I’d pulled into the parking lot at the SuperMart, just in time for my shift. My phone vibrated. I slammed my door as I dug it from my pocket.
“Hey, Lou, I’m just getting to work. I’ll call you later, okay?”
The voice was strained as it whispered. “Mom’s lost it.”
I looked at the screen. Surely this was someone else, not Lou. What the hell?
“Lou? Is that you?”
A gasp was followed by pop and a howl of pain.
“Get in that room, you ungrateful bitch.”
Fuck. That was definitely Lou’s mom, Candace.
“Lou, you there?” My blood curdled.
“Who’re you calling? That boy? You think he can help you? You think he cares about you? You stupid girl, no one cares about you. He wants the same thing D’Jon wants, that pussy.”
“Momma, no!”
The connection crackled, and my heart thumped as I pulled the door of my truck open and jumped in. “Where are you, Lou?”
“Gimme that damned phone.”
“Momma, please!” Lou’s voice hit a high pitch on the last word.
“I said get in your room!” The phone went dead.
I hit the gas and sped toward Lou’s house.
I slammed on the breaks and threw it into park. I didn’t even turn the engine off before I ran into the house.
A touch to my arm pulls me from my second darkest memory. The day my mom died was the first. I swipe a hand across my face.
“Hey, Sugar. She’s in the back. She’ll be on stage in about twenty minutes.”
Twenty minutes. Twenty minutes to figure out how to get her to come with me instead of stepping on that stage.
TWELVE
My stomach crawls, pushing on my lungs, making it almost impossible to breathe.

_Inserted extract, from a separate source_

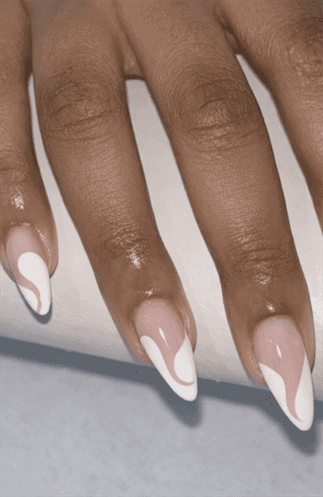 Almond-shaped nails with nude base and flowing white swirl accents, glossy finish with soft abstract design and elegant modern nail look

I have to give a lap dance to fucking Lonnie Fisher, the worst reminder of everything I was trying to leave behind when I left the first time. But, this dance has to happen before he’ll let me take the stage.
The stage I can handle. I mean, there are enough lights and enough people that it seems so much less personal.
Sassie—damn, I hate having to remember to call Sadie that—tells me lap dances get easier when you see how much money you make from them. Supposedly, that’s where I’ll make my real income.
Well, fine. I’ll just pretend Fisher isn’t the same shithead who called me names, asked the most inappropriate questions in the library, and leered at me every time we passed in the halls. He was two years ahead of me. I was never so glad to say goodbye to a graduating class, so I could finally get some peace.
I’m sure Buck was happy too. He got in a lot less fights after Lonnie left campus. There was still the occasional guy who looked at me funny or laughed at the wrong time. Buck always took offense on my behalf faster and more often than I ever did.